Free Trade Talks With Morocco Wins Praise From Ag Sector

Canadian farm groups and the Canadian Wheat Board were quick with praise last week for a federal initiative to launch free trade negotiations with Morocco, saying a deal is needed to keep Canadian durum and pulse exports competitive with shipments from the United States.

The U.S. has had an FTA with the North African country since 2006 and is using falling tariffs to lure away Canadian customers.

Prime Minister Stephen Harper, Agriculture Minister Gerry Ritz, and International Trade Minister Peter Van Loan were in Rabat for the launch of the talks, which have been under discussion since a Ritz visit in 2009.

Canada shipped $267 million in agricultural products to Morocco in 2009, almost all of it wheat.

“Western Canadian farmers now supply 80 per cent of the durum imported by Morocco, where it is a staple food source,” said CWB president Ian White.

“We cannot afford to have our dominant position eroded if the United States retains preferent ial wheat market access. Canadian farmers need a free trade agreement that puts them on an equal footing with their major durum competitors.”

“A free trade agreement with Morocco is of particular importance to Canada’s grain and pulse sectors,” said Kathleen Sullivan, executive director of the Canadian Agri- Food Trade Alliance, which represents farmers and food processors.

The U.S.-Morocco free trade deal in 2006 put “our Canadian exporters at a competitive disadvantage and threatens the markets we have developed in the country,” she said.

Morocco also bought $14 million worth of peas and lentils in 2009 and the delegation sees other sales opportunities.

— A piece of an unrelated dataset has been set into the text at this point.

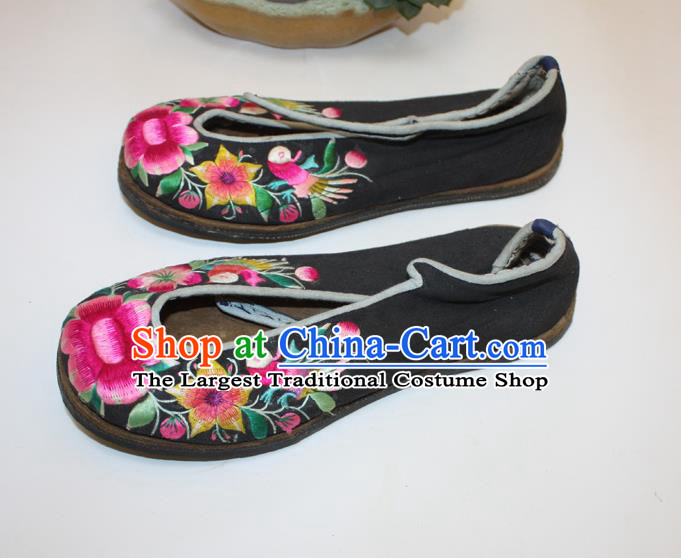 Chinese Handmade Bai Nationality Woman Shoes Folk Dance Shoes Traditional Black Embroidered Shoes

“Increasing disposable incomes, a relatively young population, and a large tourism industry could also lead to growing opportunities for branded, packaged and processed food products in this country,” said Sullivan.

Livestock genetics and feed could also become import-export commodities. In return, Canada could import more specialty foods, fruits and vegetables.

“The Morocco negotiations are an example of farm groups and governments partnering to generate economic growth,” said Ron Bonnett, president of the Canadian Federation of Agriculture. “The CFA encourages the government to focus its approach on bilateral and multilateral agreements in areas of the world where there are significant trade opportunities, where Canada hasn’t previously developed valuable trade relationships.”

Richard Phillips, executive director of the Grain Growers of Canada, who accompanied Ritz to Rabat, said Morocco “import and export interests are ready and eager to do business with us, as we are with them.”

An FTA “with the rapidly modernizing country of Morocco will be an important foot in the door to the North African marketplace,” he said.

Gordon Bacon, president of Pulse Growers of Canada, who was also in Rabat, said Canada needs the FTA “to keep Canadian farmers competitive in Morocco. Without it, we’ll be behind the eight ball because of the advantage the Americans have.” Such bilateral trade deals help keep the trade playing field level, he added.